Paul produced several albums including Give The Youth A Chance (1982), Money Talk (1991), I Be Hold (2001), and Most Wanted (2011).
In defence of dancehall
For more than 10 years, from the 1980s to the 1990s, Paul was one of Jamaica's top and biggest dancehall singers.
In March 2014, he was forced to step into a Jamaican debate that suggests "dancehall music promotes crime."
He dismissed this notion in a single It's Not Dancehall (Causing Crime). "I don't know where they got the idea that dancehall music promotes crime.

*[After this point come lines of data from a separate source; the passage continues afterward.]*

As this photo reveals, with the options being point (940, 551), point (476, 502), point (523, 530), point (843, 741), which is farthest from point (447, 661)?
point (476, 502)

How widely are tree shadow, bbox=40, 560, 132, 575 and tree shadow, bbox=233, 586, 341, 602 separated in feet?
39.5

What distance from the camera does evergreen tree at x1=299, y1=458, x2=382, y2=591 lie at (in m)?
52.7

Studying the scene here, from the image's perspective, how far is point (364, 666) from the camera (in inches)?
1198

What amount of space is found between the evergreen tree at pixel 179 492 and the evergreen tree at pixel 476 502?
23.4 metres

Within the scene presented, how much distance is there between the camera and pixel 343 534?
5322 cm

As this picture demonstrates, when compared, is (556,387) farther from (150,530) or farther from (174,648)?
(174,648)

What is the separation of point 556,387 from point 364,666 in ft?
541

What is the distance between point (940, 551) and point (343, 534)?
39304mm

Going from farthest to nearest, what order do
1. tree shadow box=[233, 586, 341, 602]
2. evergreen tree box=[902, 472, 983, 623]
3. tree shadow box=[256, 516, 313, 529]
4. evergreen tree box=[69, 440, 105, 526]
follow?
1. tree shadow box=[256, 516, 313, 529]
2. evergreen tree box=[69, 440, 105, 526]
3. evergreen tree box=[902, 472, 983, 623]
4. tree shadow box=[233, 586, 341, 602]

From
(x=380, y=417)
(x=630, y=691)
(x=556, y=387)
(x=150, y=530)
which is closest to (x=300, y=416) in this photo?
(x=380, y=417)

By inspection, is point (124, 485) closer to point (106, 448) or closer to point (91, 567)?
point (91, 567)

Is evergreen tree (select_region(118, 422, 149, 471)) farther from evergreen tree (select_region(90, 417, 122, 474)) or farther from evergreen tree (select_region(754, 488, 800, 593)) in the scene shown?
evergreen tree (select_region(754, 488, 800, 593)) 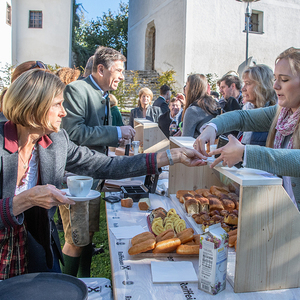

Dancehall has always been about life and fun," Frankie Paul told the Jamaica Observer.
Paul's intervention was warranted by critics of dancehall music associating the genre with the jailing and prosecution of high profile singers in and outside Kingston, Jamaica.
For instance, Vybz Kartel was convicted of murder, Buju Banton was convicted on drug charges in the United States, and both Tommy Lee Sparta and Popcaan had been charged to court.
While Paul is said to have admitted some dancehall "songs overstep moral and social boundaries", he believes censorship should be left to a regulatory body, the Broadcasting Commission, and not the police or courts.
And he did
Paul, who was vision impaired from birth, had his vision partly restored after an operation.
While at the Salvation Army School for the Blind, young Paul sang for, and impressed Stevie Wonder, an American RnB singer, who is said to have encouraged him to take music as a professional career. And he did.
From the 1980s to the 1990s, Paul made his mark in global music and became one of Jamaica's top dancehall singers.
In 1985, the New Music Express, a British music journalism magazine which began publishing 13 years before Paul was born, said of the singer:
"Frankie Paul has a voice that improves with each release and, although initially compared with Dennis Brown, he has evolved a strange nasal, throaty style that makes him sound much older. It's the sheer exuberance of his best performances that give away his youthfulness, and his two London appearances have been joyous occasions."
Over the years, he recorded several hits, one of which, Casanova, has been very popular in The Gambia.